Hamilton Herald Masthead

Editorial


Front Page - Friday, October 21, 2022

Turns out, it wasn’t just money


Clay finds reward he wasn’t seeking in his new career



Michael Clay is a Realtor with the downtown office of Crye-Leike. He says he became an agent for the financial benefits but has also found satisfaction in helping clients achieve their goals. - Photo courtesy of Michael Clay

When someone asks Michael Clay why he became a Realtor, he replies with a quick and straightforward answer: “Money.”

Clay, 47, doesn’t dress up his answer with a profession of love for the American dream or helping people. He says, matter-of-factly, that the financial rewards of representing clients in real estate transactions gets him out of bed in the morning.

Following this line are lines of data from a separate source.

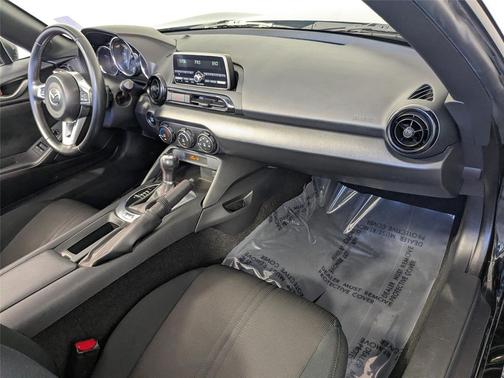 2016 Mazda MX-5 Miata Sport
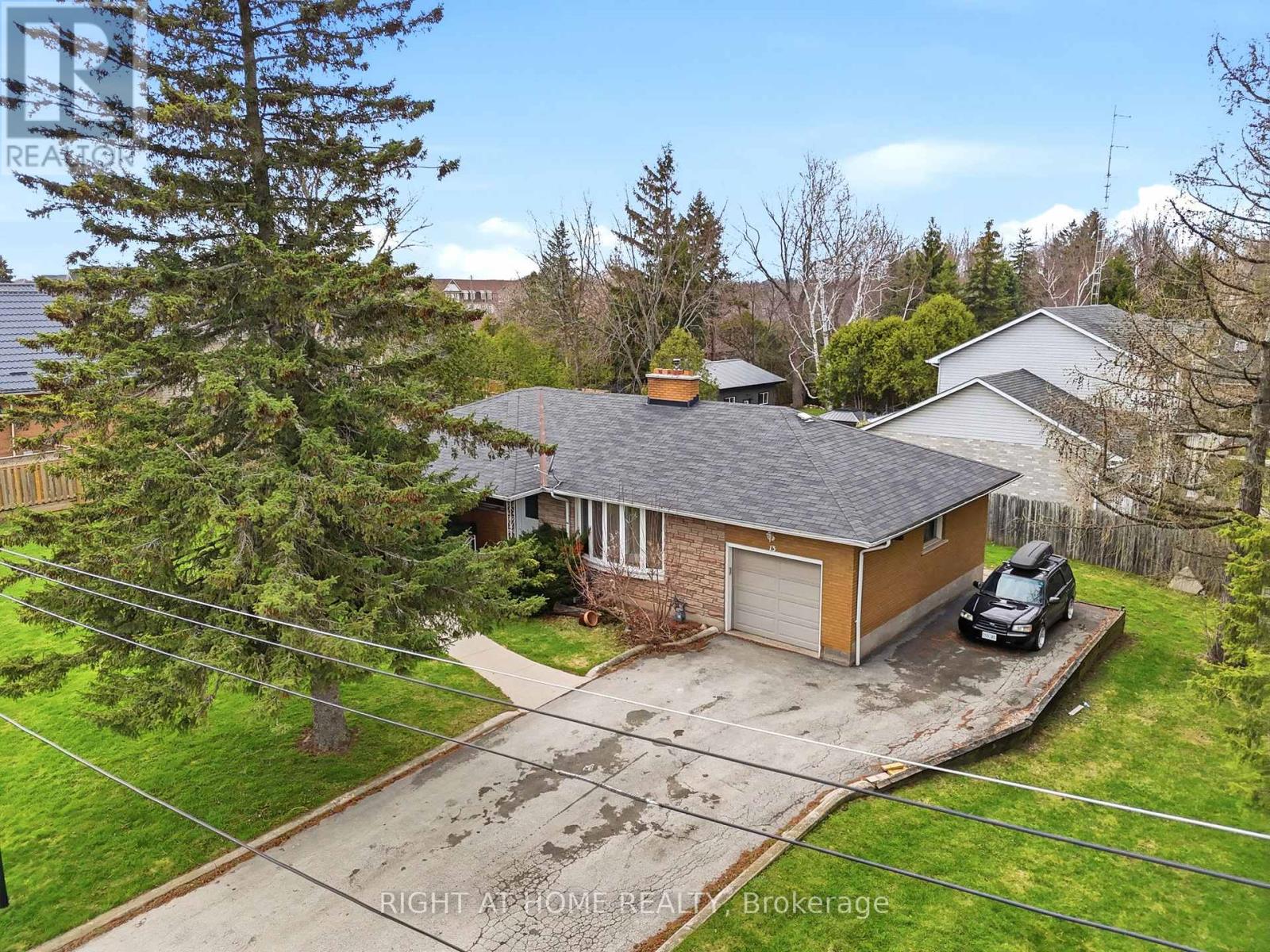 13 WESTVIEW CRESCENT - 5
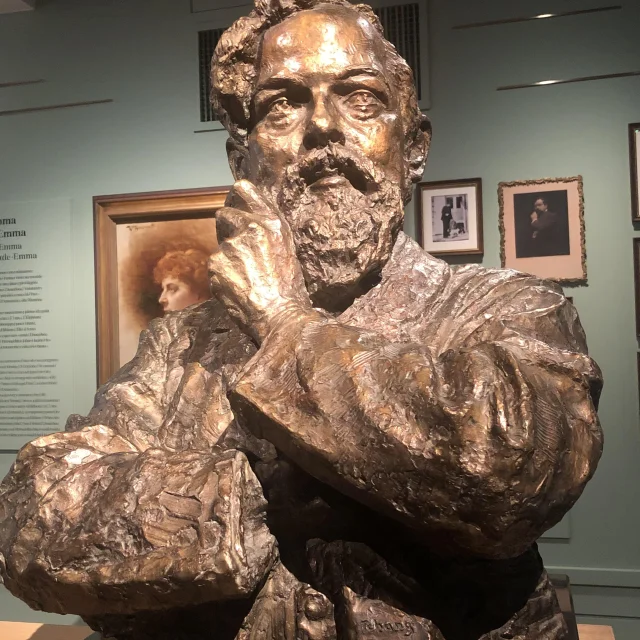 Statue en buste de Claude Debussy à la maison natale de Claude Debussy à Saint-Germain-en-Laye
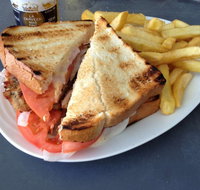 Peter's By The Sea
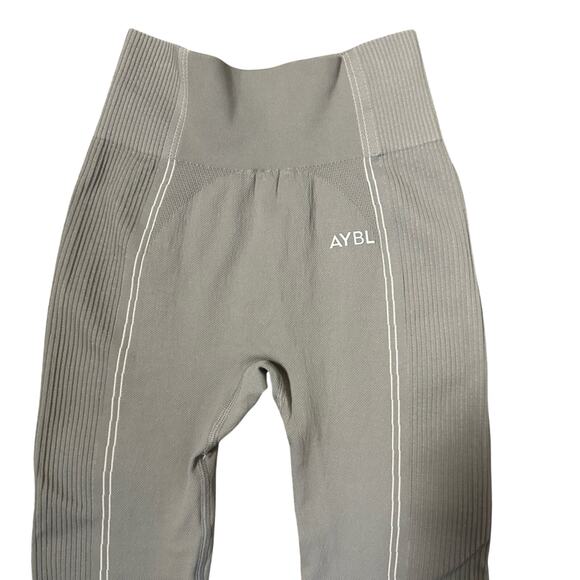 AYBL Gray Seamless Leggings - Picture 2 of 5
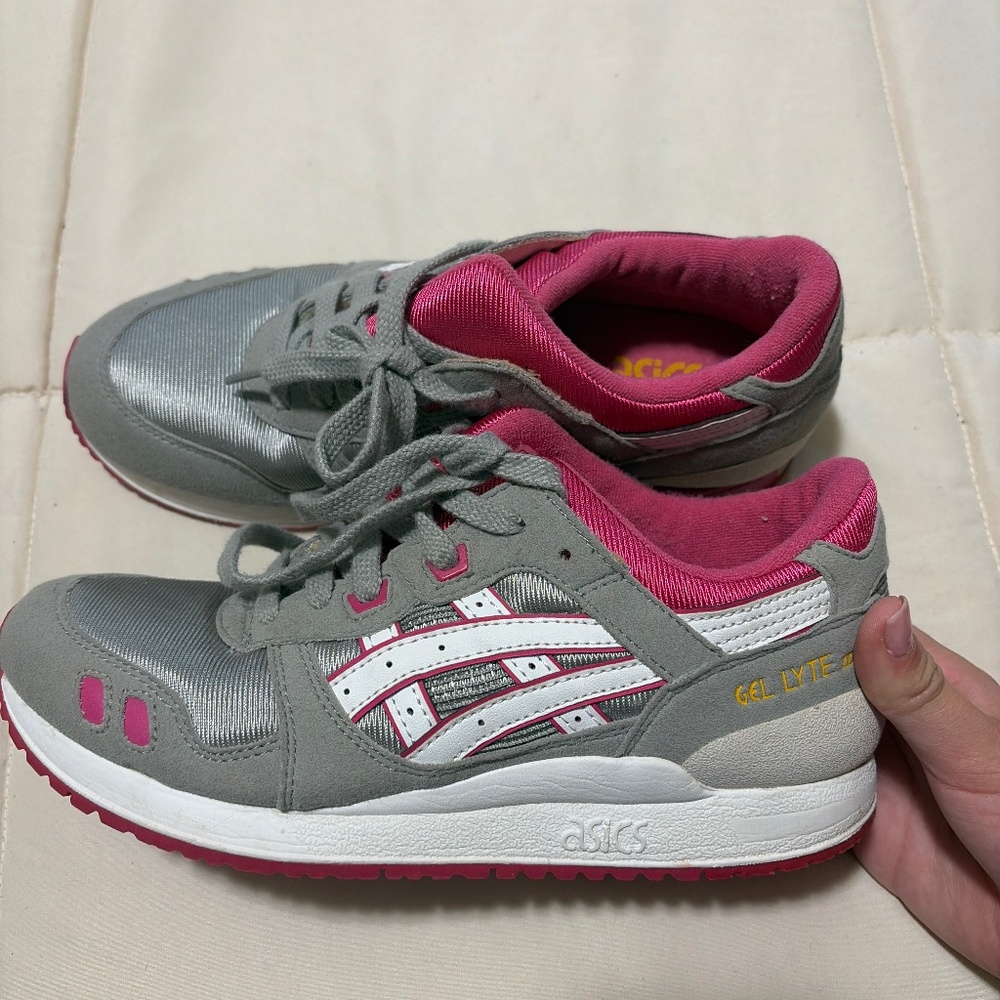 women’s asic sneakers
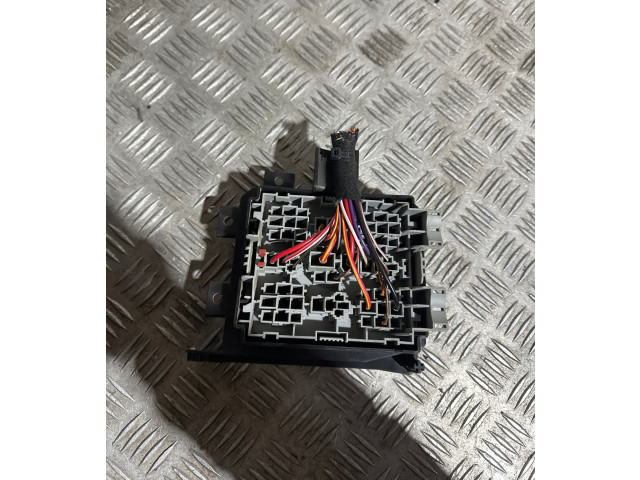   Pojistková skříňka 7P0937149   Volkswagen Touareg II 2012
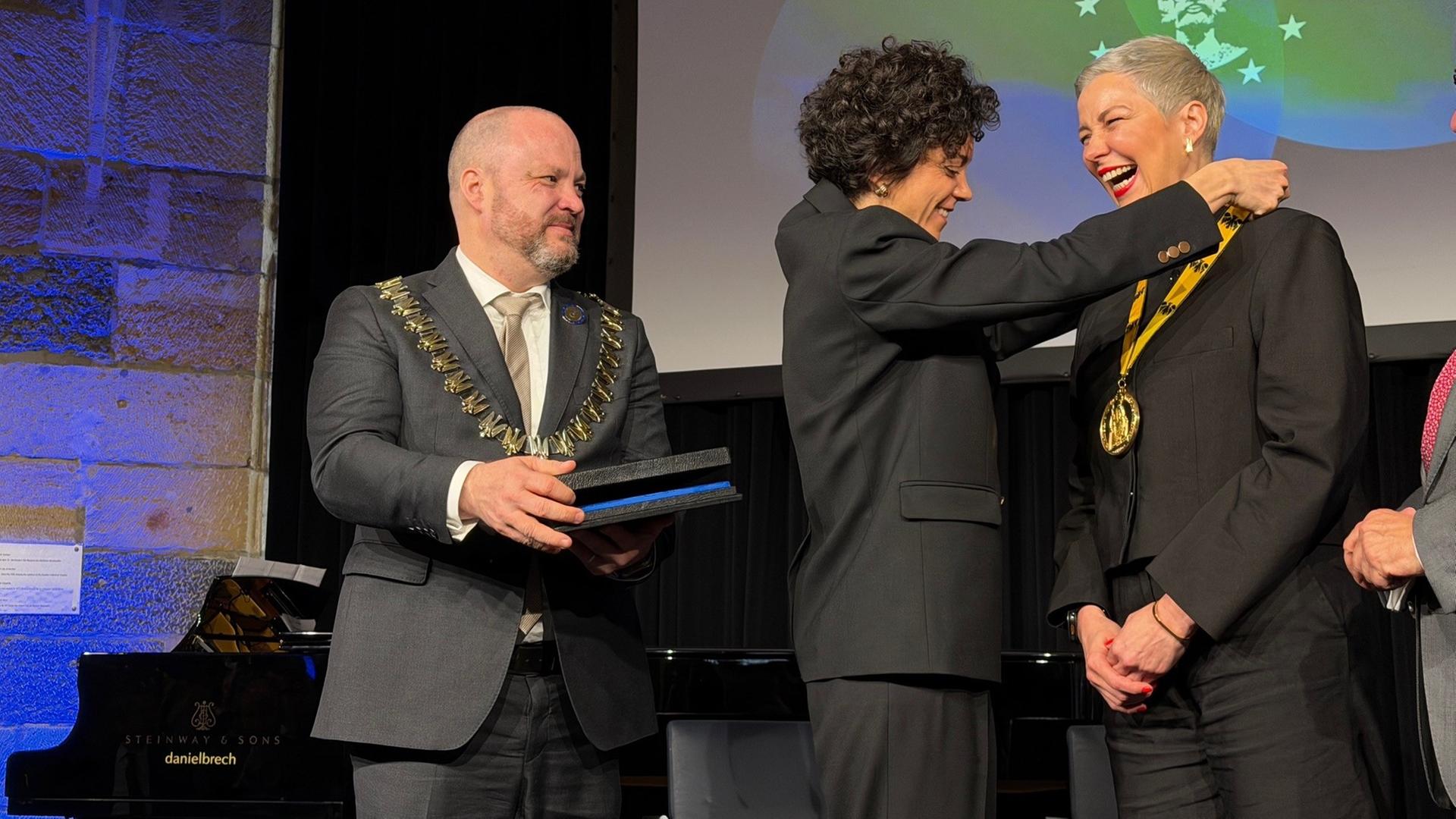 wdr nach haftentlassung buergerrechtlerin kalesnikava erhaelt karlspreis 102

In other words, like most people, Clay works to be paid.

This is the life Clay has known since he came home after being booted out of Brainerd High School and his father offered him a job cleaning construction sites.

“I wasn’t a bad kid. I was smart. But it was always something,” Clay recalls. “When I went home, my dad said, ‘Want to work for me?’”

Clay describes his father, Richard Clay, as a self-made man who taught him the value of hard work as they traveled across the country cleaning commercial construction projects and remodels before the owners or tenants moved in.

When work waned in 2007 during the Great Recession, Clay took a page from his father’s playbook and shifted to a venture of his own.

“We used to have a schedule of jobs. We knew what we’d be doing a year from any date. But it got to the point where we didn’t know what we’d be doing next and neither did the contractors,” Clay recalls. “One day, I went to get an estimate from some guys who were tiling floors, and as I listened to them talk, I thought, ‘These guys are clueless. Surely I could lay tile.”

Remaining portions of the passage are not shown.